Small ladder against wall with variable load and inclination.
What it shows:
A small ladder is leaned against a vertical wall. A weight can be moved up succeeding steps to find when the ladder will slip and fall down. The forces holding the ladder in equilibrium are in consideration here.
How it works:
A short (4 foot) step-ladder leans against the wall. The reaction of the wall may be considered horizontal, tangential friction being negligible (the edge of the ladder is covered with a sheet of teflon ... the rollers in the illustration are no longer used). The ladder is leaned against the wall at such an angle that it just does not slip. What are the forces holding the ladder in equilibrium? Now a large weight (14.5 kg = 32 lb) is placed on the first step. What are the forces? The weight is moved up to succeeding higher steps until the ladder begins to slip and equilibrium has been lost.
Setting it up:
Use one of the side lecture hall walls between the blackboard and the side door. The plain cement floor is usually O.K. but if slippage is a problem, a sheet of masonite (rough side up) will make the friction between the floor and the base of the ladder more dependable (μ≈0.3). Duct tape the masonite to the floor ... otherwise it slips. Instead of measuring the angle of the ladder, use tanθ and measure the distance the bottom is from the wall and the top is from the floor.

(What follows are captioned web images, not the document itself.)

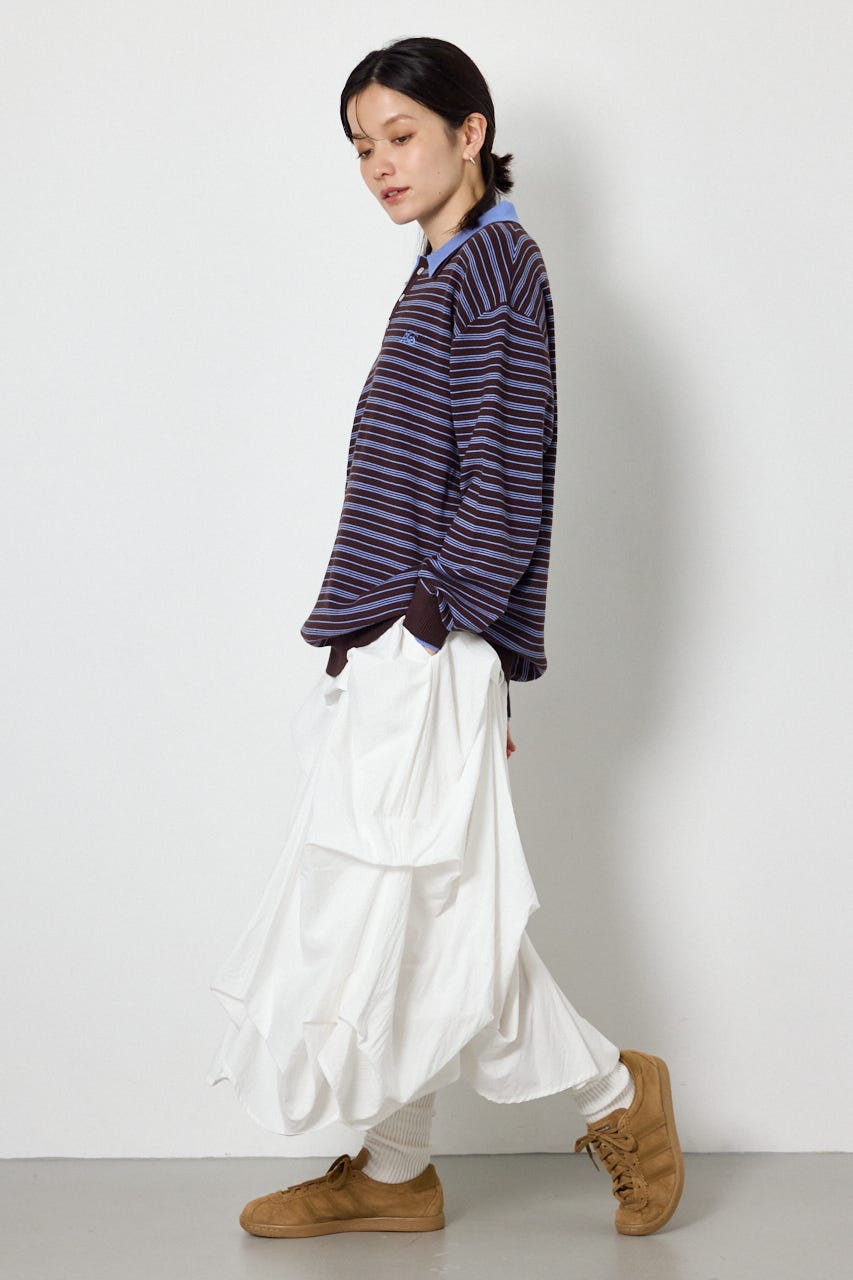 (UNISEX)【AW先行予約アイテム】SHAREニットポロシャツ 柄BRN L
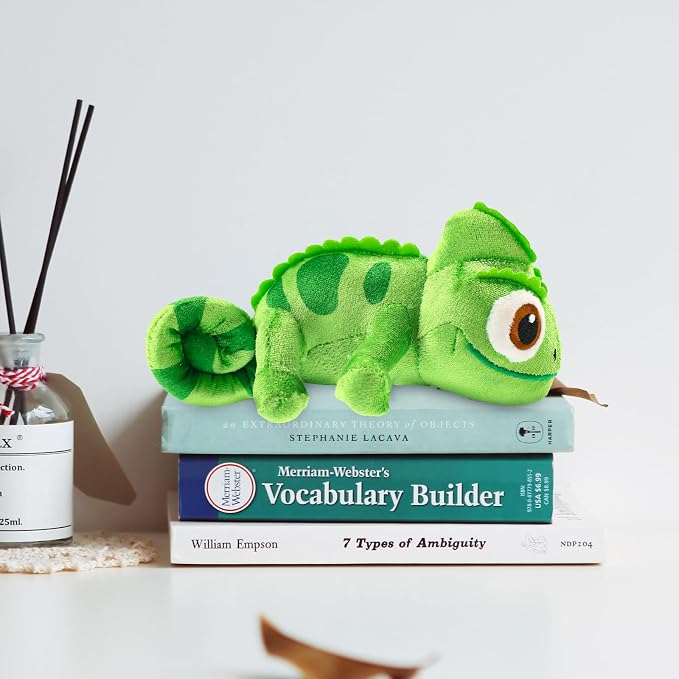 Chameleon Plush Dolls，Girls and Children Chameleon Shoulder Plush，Lizard Cosplay Props Merch Gifts for Women Adults Green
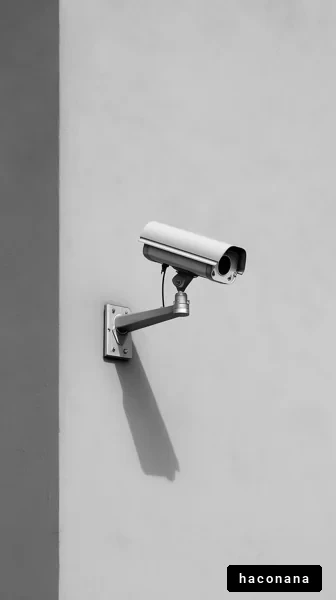 監視カメラの設置風景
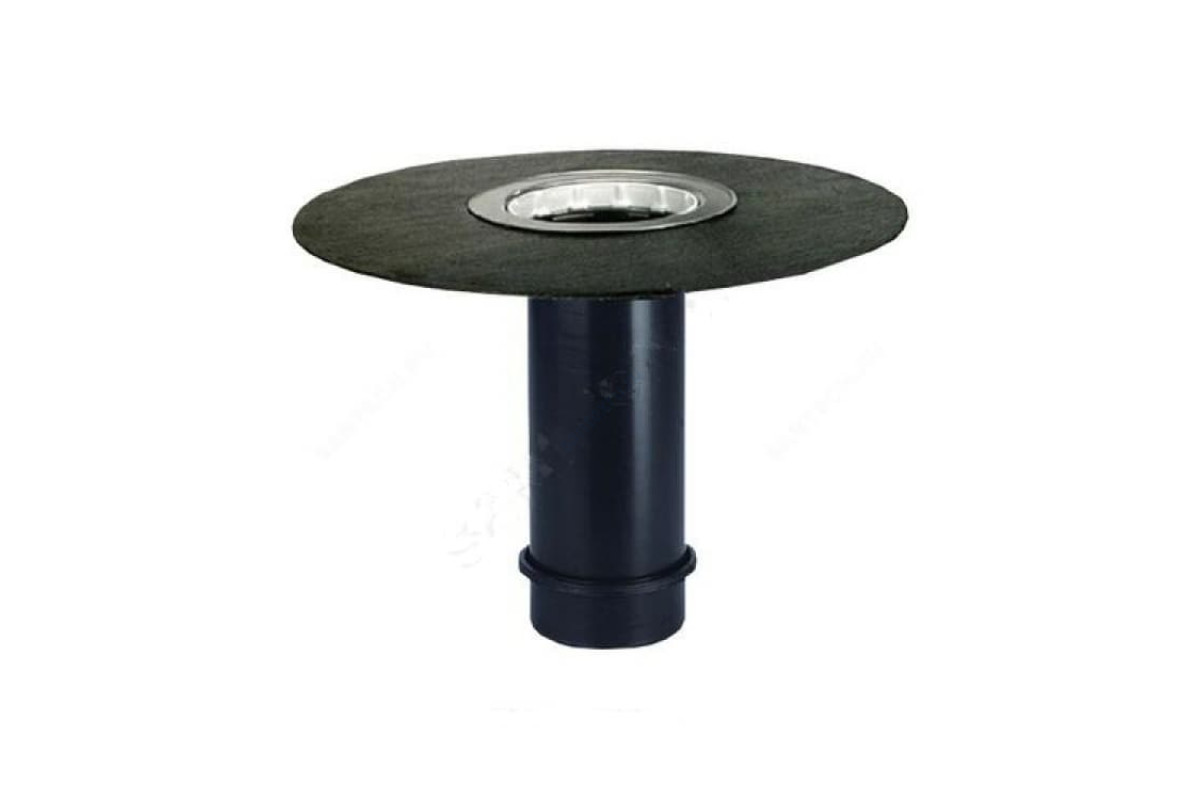 Элемент надставной Дн 125 с гидроизоляционным полимербитумным полотном и уплотнительным резиновым кольцом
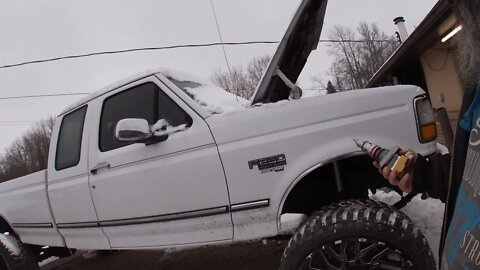 OBS 7.3 ON 26X14 30% OVERSTOCK INJECTORE AND ENGINE HARNESS INSTALL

This is one of those demonstrations where a little showmanship flair will liven it up considerably. The weight is quite heavy and the audience's anticipation of the Great Crash can be capitalized on. On occasion, the lecturer has substituted for the weight by cautiously climbing the ladder until it slips. While much more dramatic, it is of course more dangerous and is only recommended for the nimble footed. A board, butted against the lecture bench and ending about 15 cm from the foot of the ladder, can be used as a "stop" to prevent the ladder from crashing all the way down and preventing a serious fall.